L’assiette forfaitaire est revalorisée au 1er janvier de chaque année suivant le même coefficient que le plafond retenu à la même date pour le calcul des cotisations du régime général de la sécurité sociale.
Pour 2018, l’assiette forfaitaire horaire était de 1,68 euros.
Enfin, aux termes de l’article 1302 du code civil, tout paiement suppose une dette ; ce qui a été reçu sans être dû est sujet à restitution.
L’article 1302-1 du code civil ajoute que celui qui reçoit par erreur ou sciemment ce qui ne lui est pas dû doit le restituer à celui de qui il l’a indûment reçu.
Selon l’article 1353 du code civil, celui qui réclame l’exécution d’une obligation doit la prouver.
En l’espèce, il appartient à la [10] de justifier du bien-fondé de l’indu dont elle sollicite la restitution.
Au soutien de ses prétentions, la caisse verse aux débats les bulletins de salaire de Mme [J] [V] constituant les derniers revenus d’activité antérieur au sens de l’article L.323-4 du code de la sécurité sociale.

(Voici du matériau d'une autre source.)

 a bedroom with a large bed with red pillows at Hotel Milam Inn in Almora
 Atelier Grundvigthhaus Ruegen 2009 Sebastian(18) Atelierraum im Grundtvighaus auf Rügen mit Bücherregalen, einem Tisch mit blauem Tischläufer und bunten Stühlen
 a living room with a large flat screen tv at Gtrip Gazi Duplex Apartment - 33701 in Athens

Il apparaît effectivement sur ces bulletins de salaire que Mme [J] [V] était embauchée par la région Provence Alpes Côte d’Azur en qualité de stagiaire, que les cotisations au titre de l’assurance maladie étaient entièrement prises en charge par ladite région et calculée forfaitairement de sorte que le salaire de référence pour le calcul des indemnités journalières devait également être calculé forfaitairement.

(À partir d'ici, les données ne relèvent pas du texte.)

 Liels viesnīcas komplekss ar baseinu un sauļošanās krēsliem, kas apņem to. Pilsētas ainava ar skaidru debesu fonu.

La caisse détaille toutefois un calcul retenant un temps de travail de 151,67 heures par mois or, aucun élément versé aux débats ne justifie du temps de travail effectif de Mme [J] [V] de sorte que le tribunal, qui n’est pas en mesure de vérifier le calcul effectué, devra débouter la caisse, sur laquelle pèse la charge de la preuve, de sa demande reconventionnelle en paiement de l’indu objet du litige.
Sur les dépens
La [10], qui succombe en ses prétentions, sera condamnée aux dépens de l’instance en application des dispositions de l’article 696 du code de procédure civile.
PAR CES MOTIFS
Le tribunal, statuant après débats publics par jugement contradictoire et en premier ressort mis à disposition au greffe,
DECLARE recevable le recours de Mme [J] [V] à l’encontre de la décision de la [10] du 14 septembre 2022 lui notifiant un indu d’indemnités journalières d’un montant de 3 123,60 euros référencé sous le numéro 2230186601 ;
DEBOUTE la [10] de sa demande en condamnation de Mme [J] [V] au versement de la somme de 3 123,60 euros au titre dudit indu ;
CONDAMNE la [10] aux dépens de l’instance.
RAPPELLE que la présente décision est susceptible d’appel dans le délai d’un mois à compter de sa notification.
Ainsi jugé et prononcé par mise à disposition au greffe le 16 juillet 2025.